Image-text web data:

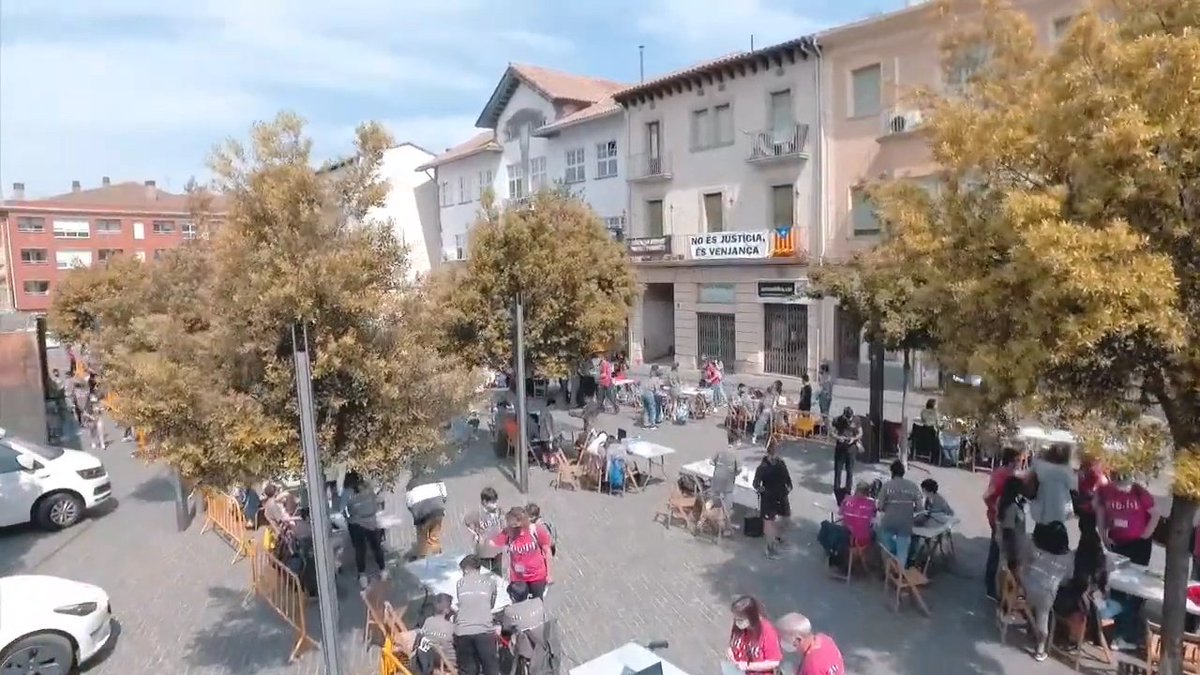 El dia 9 de Maig seran alumnes vinguts d’arreu qui compartiran els seus projectes amb altres joves a la fira de projectes @STEAMakers <a href="/feriasteamakers/">feriasteamakers</a> .
El 10 Maig els robots seran els protagonistes d’un esdeveniment sorpresa que ens preparen des de arts escèniques d’<a href="/OlotCultura/">Olot Cultura</a>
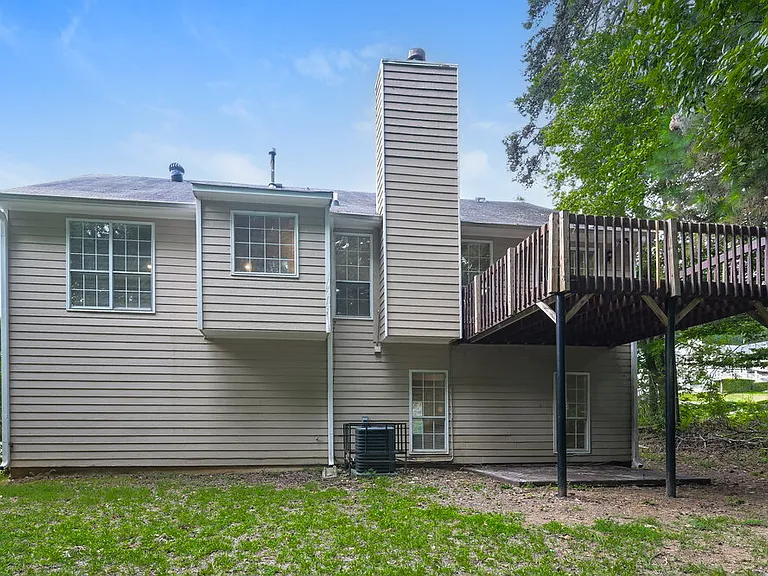 2526 Riverwood Spg — Photo 15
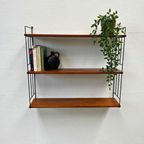 Vintage Wandrek Met 3 Houten Planken En Draadstaal Dragers thumbnail 3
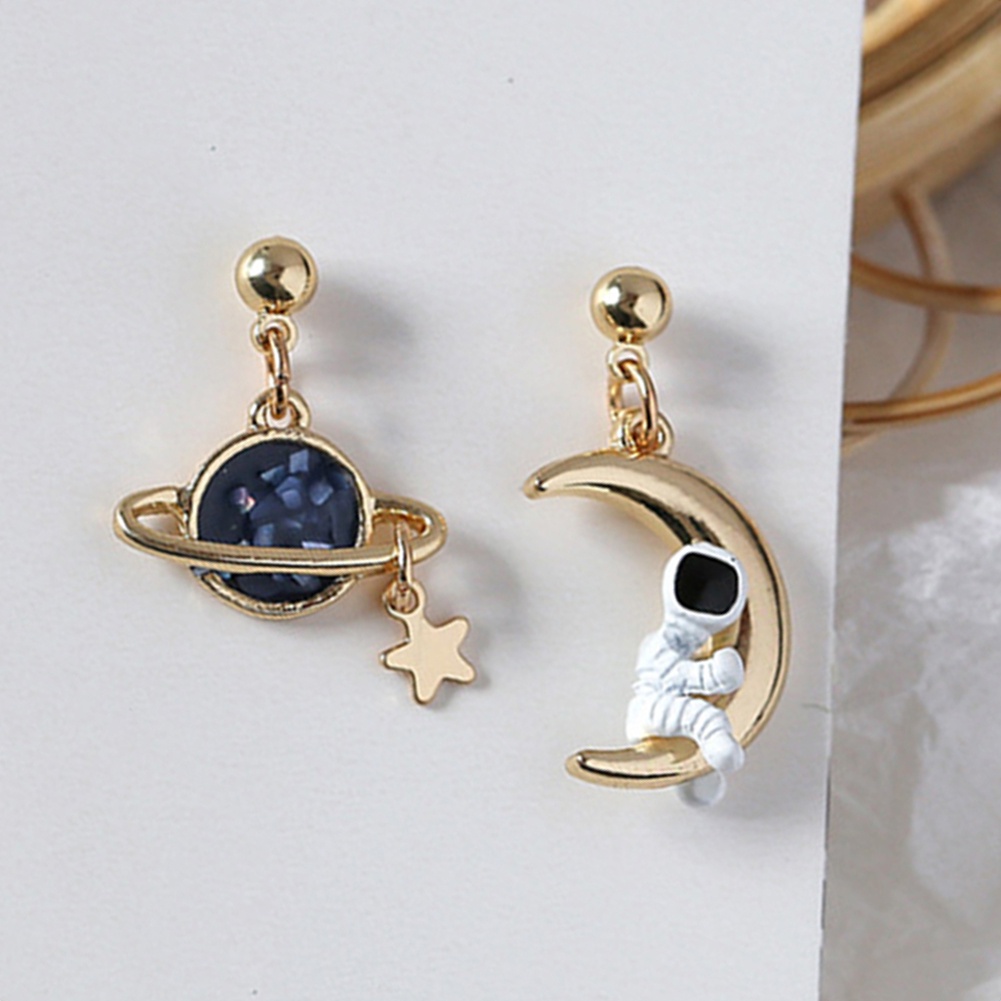 Hu Hu Hu Hu Hu Alat Bantu Pasang Kacamata♡ Anting Tusuk Gantung Asimetris Desain Astronot / Planet / Bulan Kreatif Untuk Wanita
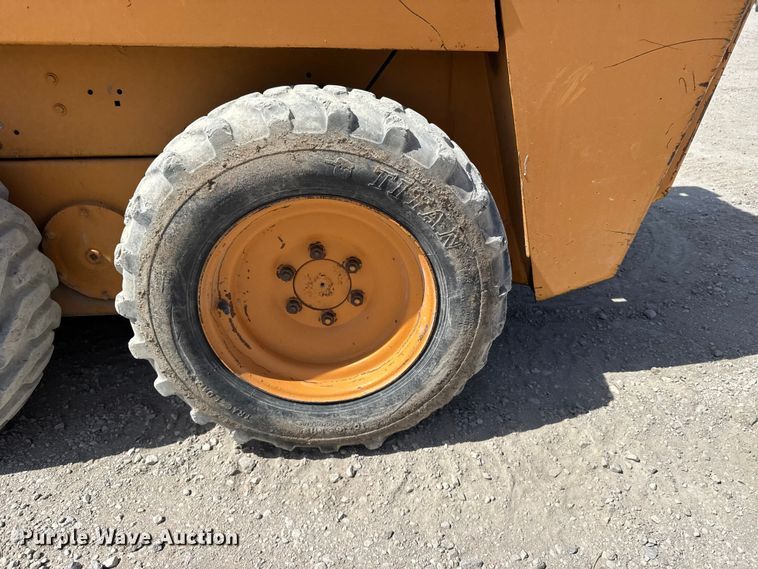 image for item FB0961 Case 1838 skid steer loader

Task requirements: Every line from the one containing "Hu Hu Hu Hu" through the final line of the records above is to be written out exactly; nothing else, and no pictures.

Written reply:
 Hu Hu Hu Hu Hu Alat Bantu Pasang Kacamata♡ Anting Tusuk Gantung Asimetris Desain Astronot / Planet / Bulan Kreatif Untuk Wanita
 image for item FB0961 Case 1838 skid steer loader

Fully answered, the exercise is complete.